When one fabric electrode 20 is woven at a preset position, a plurality of non-woven parts in the area of one fabric electrode 20 form the electrocardiosignal acquisition part 21, and a plurality of woven parts in the area of one fabric electrode 20 form the connection part 22. The electrocardiosignal acquisition part 21 protrudes out of the surface of the garment body 10 close to the skin, so that the contact area of the electrocardiosignal acquisition part 21 and the skin of a human body is greatly increased, and the electrocardiosignal acquisition capacity of the fabric electrode 20 can be improved. The connecting part 22 and the surface of the side of the coat body 10 far away from the skin are positioned on the same plane, so that the aesthetic property of the electrocardio-coat is improved. In some embodiments, the connecting portion 22 may be configured to be a circle, an oval, a polygon, or a pattern, etc. as needed, and only the routing method between the conductive yarn 201 and the non-conductive yarn 101 needs to be changed, so as to meet the personalized requirements of the user.

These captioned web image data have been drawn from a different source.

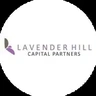 Lavender Hill Capital Partners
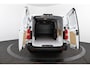 Toyota ProAce Worker Long Worker 2.0 D-4D 145pk Live Automaat | direct leverbaar | 10 jaar fabrieksgarantie |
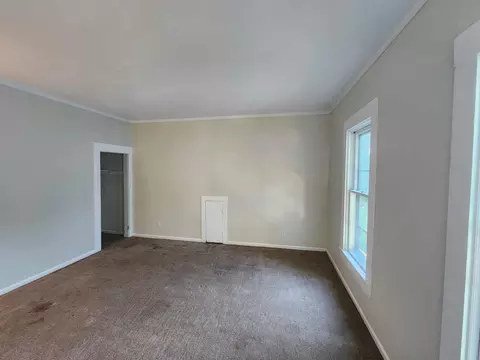 360 Buxton Ave, Springfield, OH 45505 photo 16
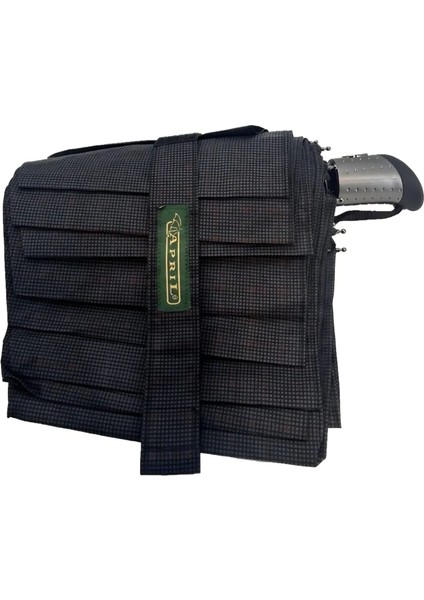 - 10 Telli Premium Tam Otomatik Katlanır Şemsiye modelleri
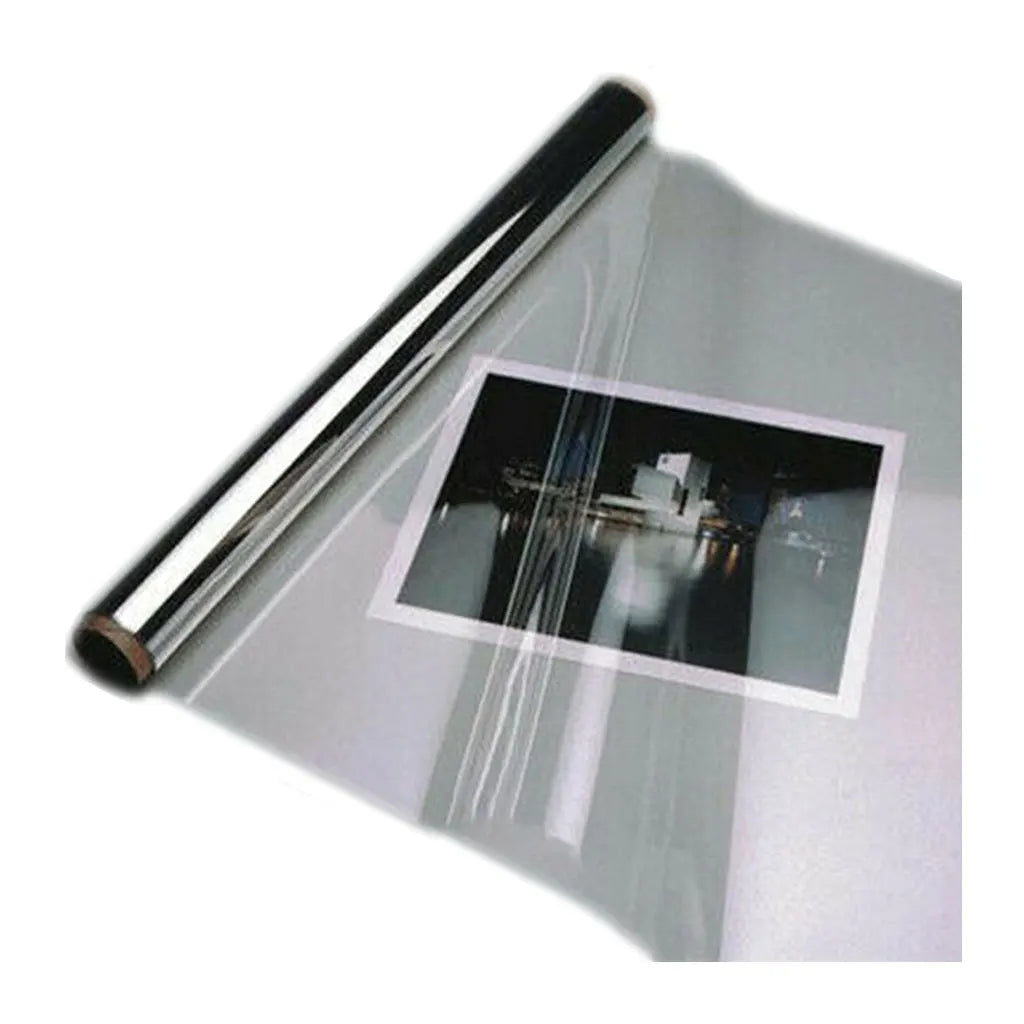 ROLL 003 CLR ACTE 50"X12'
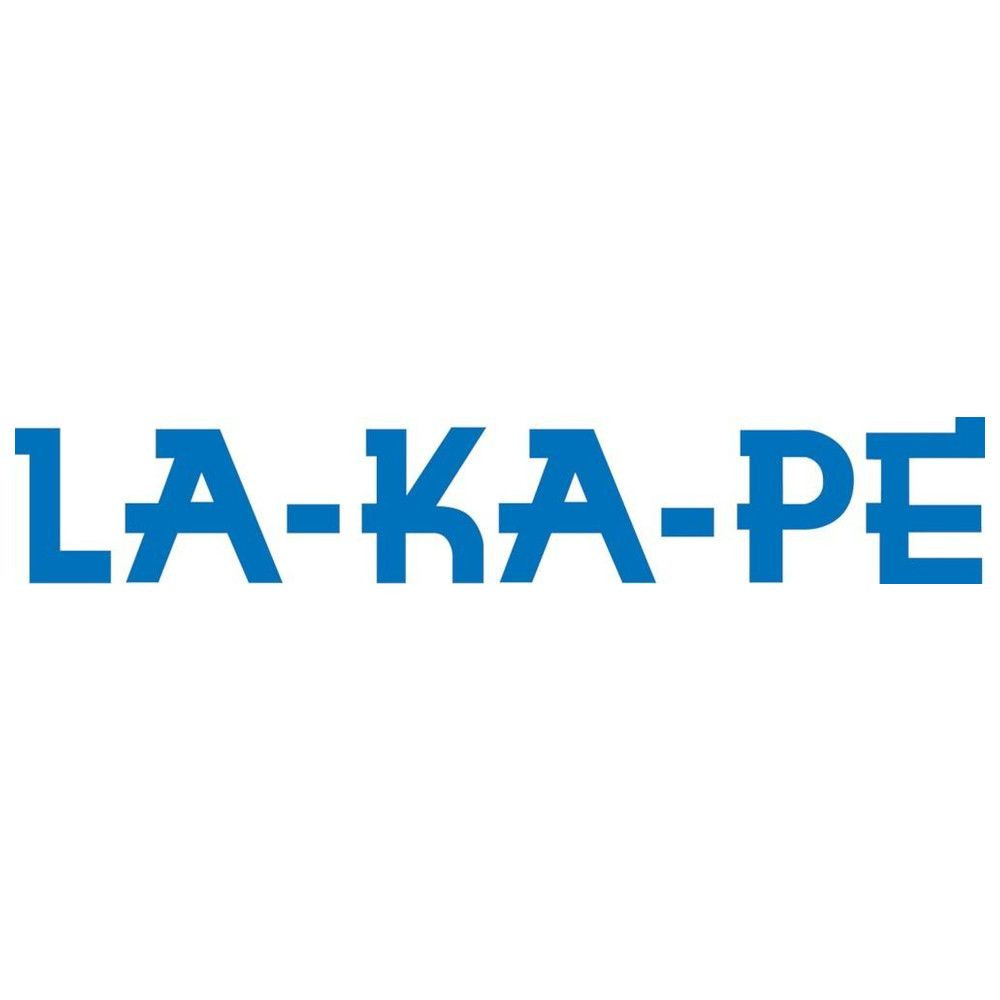LA-KA-PE Deckel für Stapel-Transportkasten, 400 x 300mm, Verschlussdeckel Produktbild img2 L
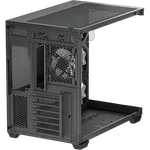 Deepcool CG530 4F Noir - MT/Sans Alim/ATX, miniature 6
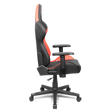 Load image into Gallery viewer, Combat X Gaming Chair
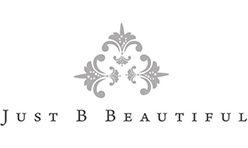 Just B Beautiful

In some embodiments, the color of conductive yarn 201 may or may not be the same as the color of non-conductive yarn 101. Preferably, the color of the conductive yarn 201 is different from the color of the non-conductive yarn 101, so that the connecting part 22 forms a contour on the surface of the garment body 10 on the side away from the skin, and the contour can be set to be a circle, a polygon or a pattern required by a user according to needs, thereby further improving the aesthetic property of the garment and meeting the personalized needs of the user.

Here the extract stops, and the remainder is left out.